▶ [INPUT]:
= = =
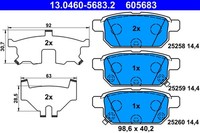 ATE Bremsbelagsatz Scheibenbremse 13.0460-5683.2 FüR Suzuki EW FW Baleno A1K310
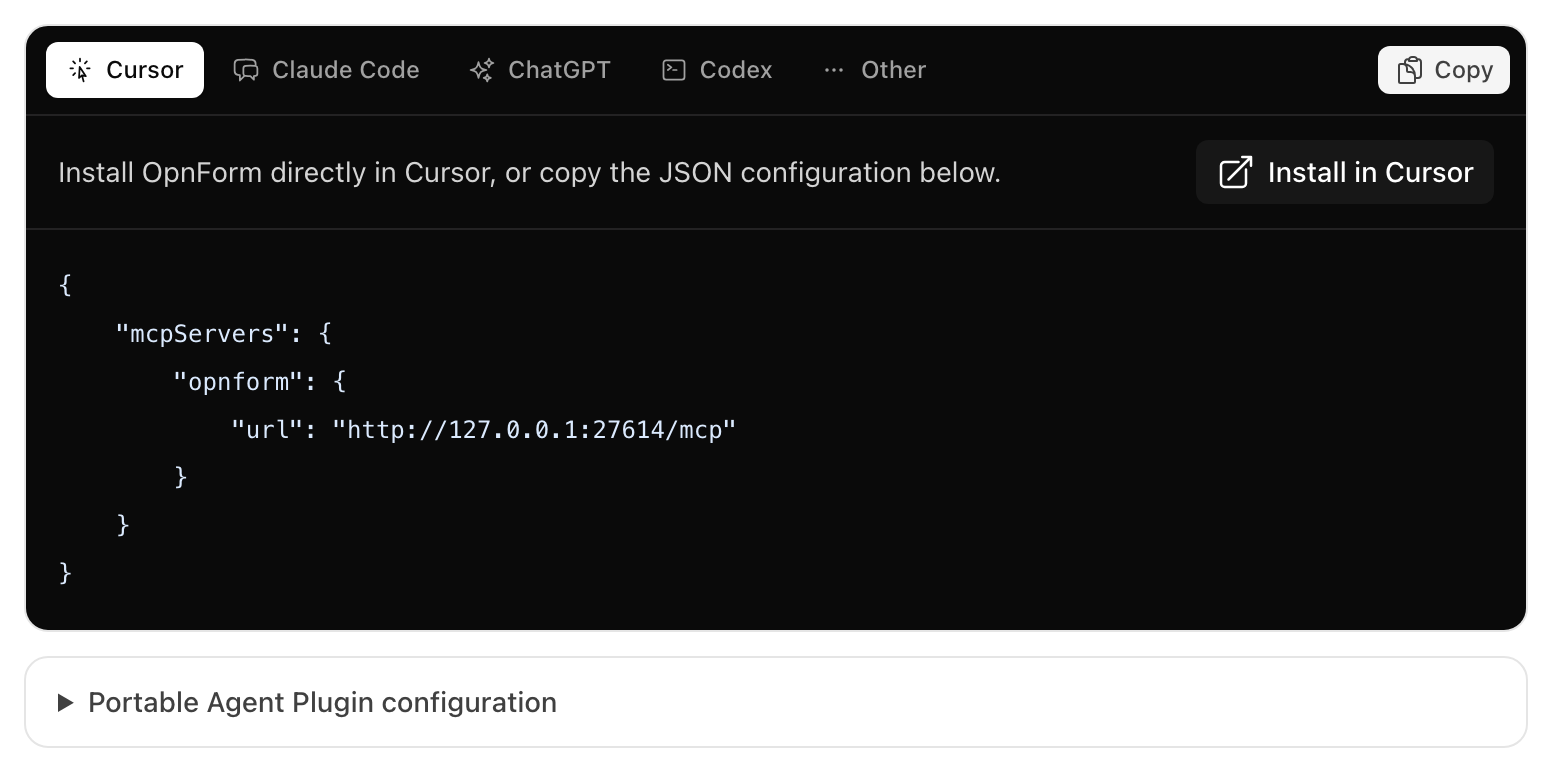 Select an AI client and copy its generated MCP configuration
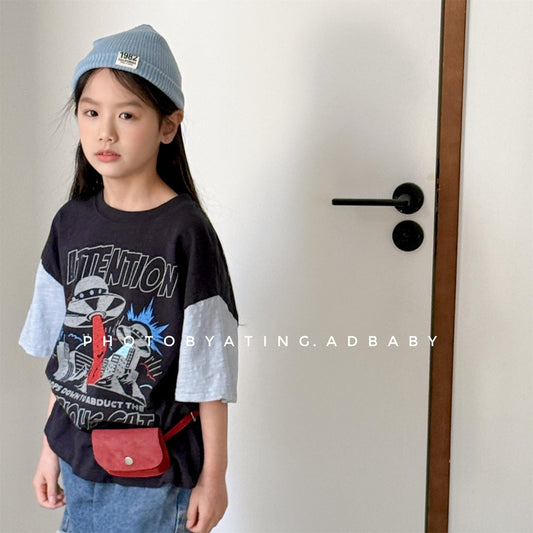 半袖Tシャツ プリントパッチワーク半袖Tシャツ【mh0010147】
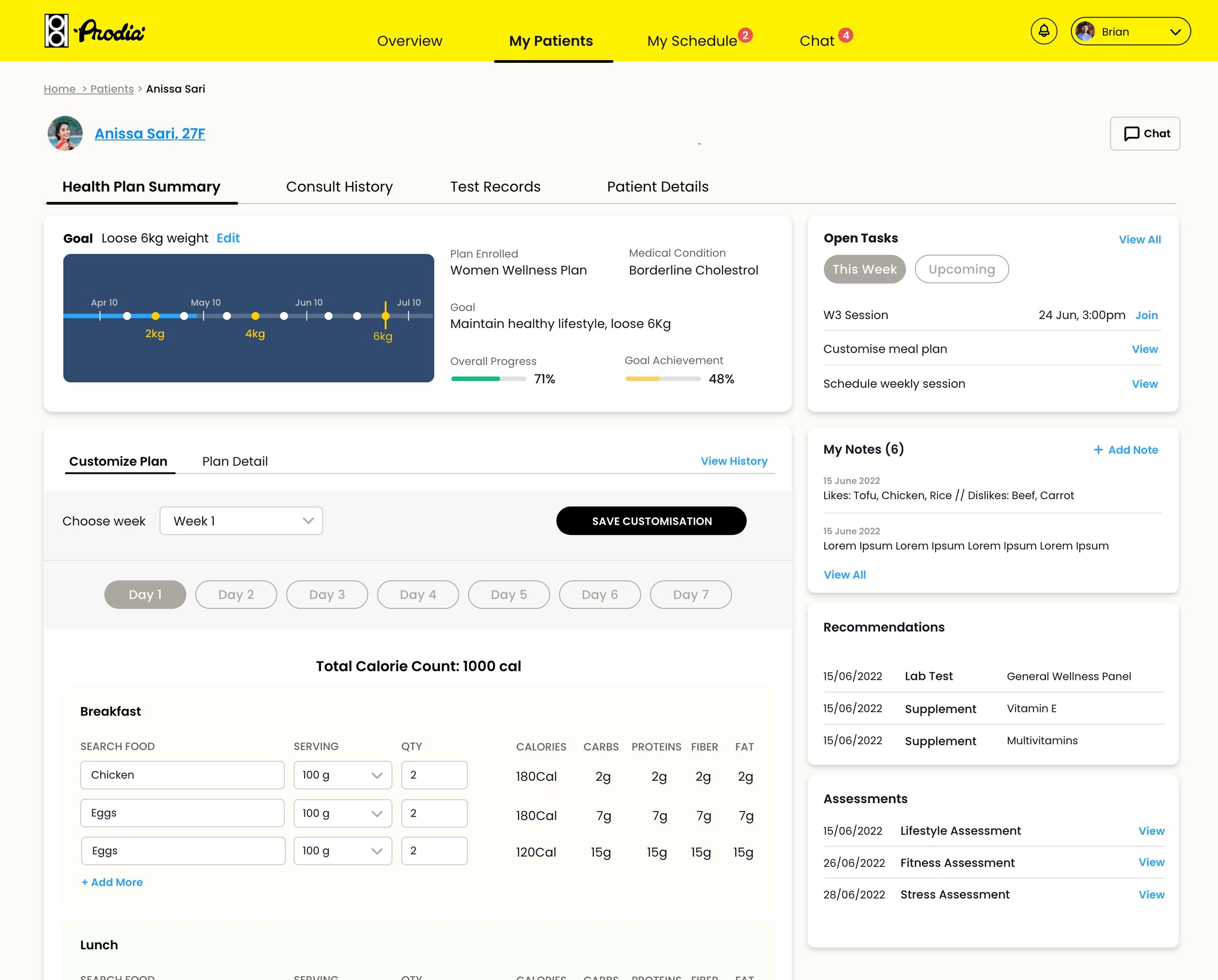 Clinician app — patient detail view with health plan summary, meal plan customisation, tasks, and notes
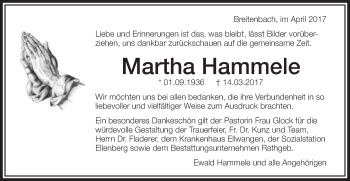 Traueranzeige von Martha Hammele von Schwäbische Post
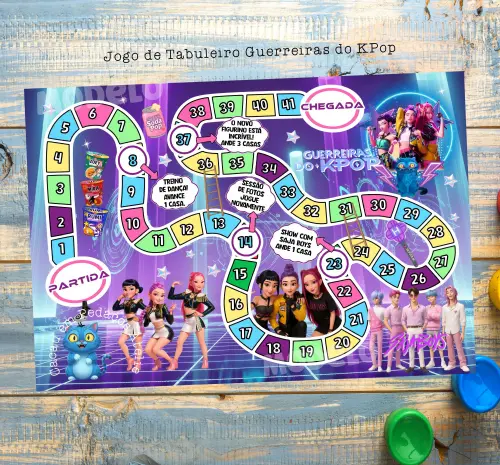 Huntrix Guerreiras do Kpop Jogo de Tabuleiro 20 x 30 cm lembrancinha infantil
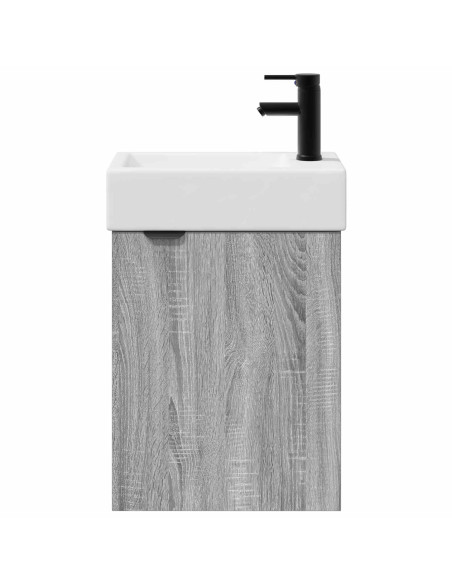 Mobile bagno con rubinetto Sonoma grigio 45,5 x 22,5 x 84 cm
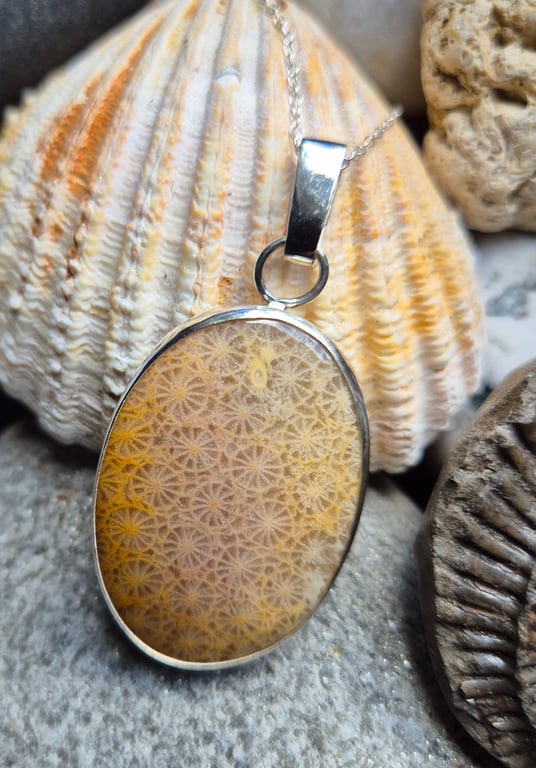 Sterling silver and fossilised coral stone necklace 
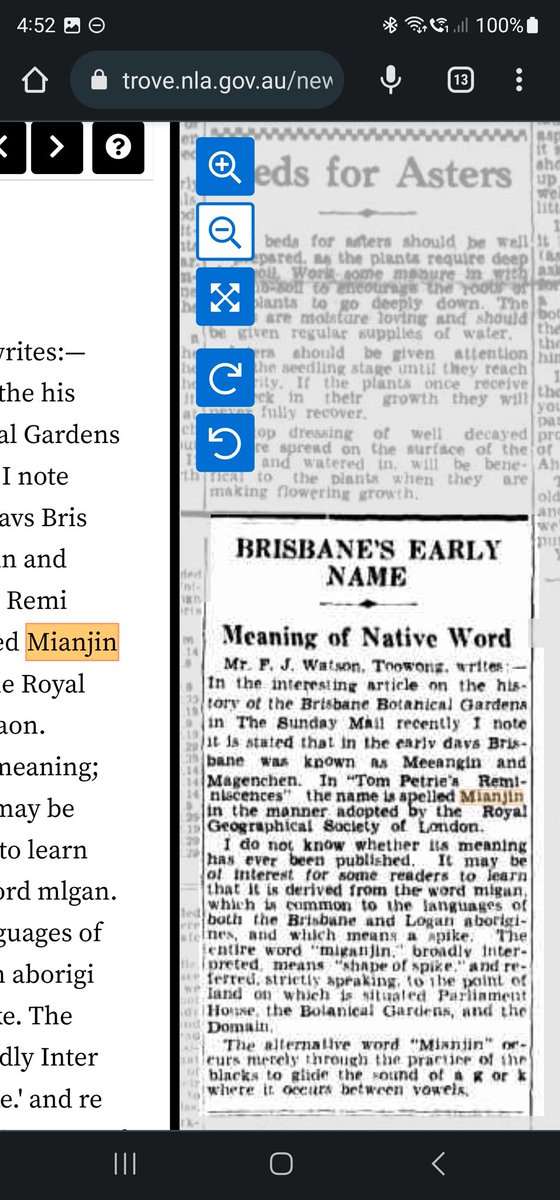 Murray_White's tweet photo. @SkyNewsAust History Lesson - The Turrbal placename is actually spelt "Miganjin", meaning - shape of a spike.  It refers to the shape of the land of the Gardens Point reach of the Brisbane River. The placename is roughly where the old botanical gardens, QUT and parliament house are. https://t.co/D8Bi33ekSj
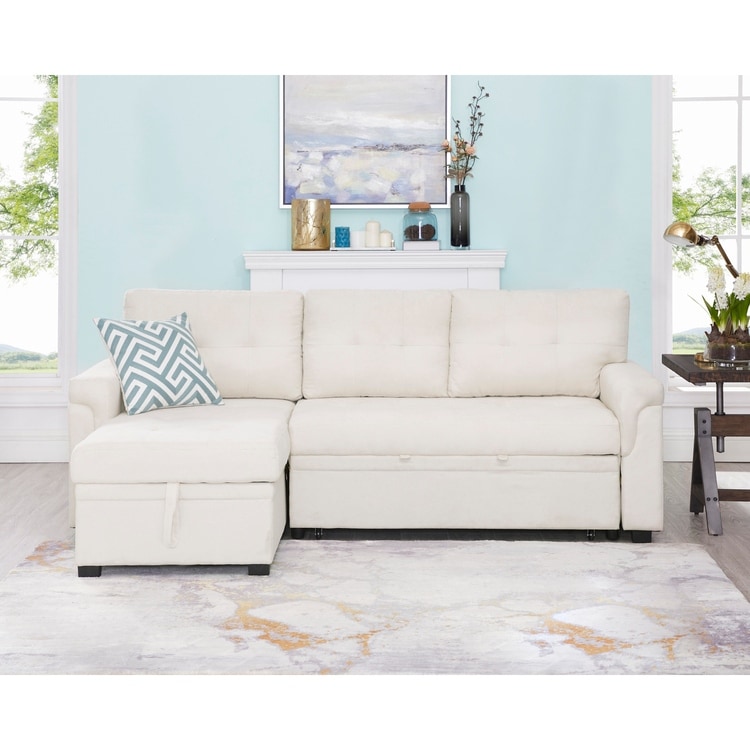 White sectional sofa bed deals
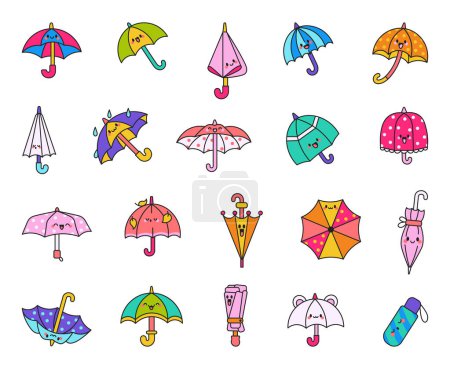 Illustration for Cute kawaii umbrella. Cartoon rainy seasonal parasols character. Hand drawn style. Vector drawing. Collection of design elements. - Royalty Free Image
= = =
▶ [WHAT IS REQUIRED]: Repeat only the lines between the start of the data and the line with "Huntrix Guerreiras do", including those two lines, and skip the pictures.

▶ [FINISHED EXERCISE]:
 ATE Bremsbelagsatz Scheibenbremse 13.0460-5683.2 FüR Suzuki EW FW Baleno A1K310
 Select an AI client and copy its generated MCP configuration
 半袖Tシャツ プリントパッチワーク半袖Tシャツ【mh0010147】
 Clinician app — patient detail view with health plan summary, meal plan customisation, tasks, and notes
 Traueranzeige von Martha Hammele von Schwäbische Post
 Huntrix Guerreiras do Kpop Jogo de Tabuleiro 20 x 30 cm lembrancinha infantil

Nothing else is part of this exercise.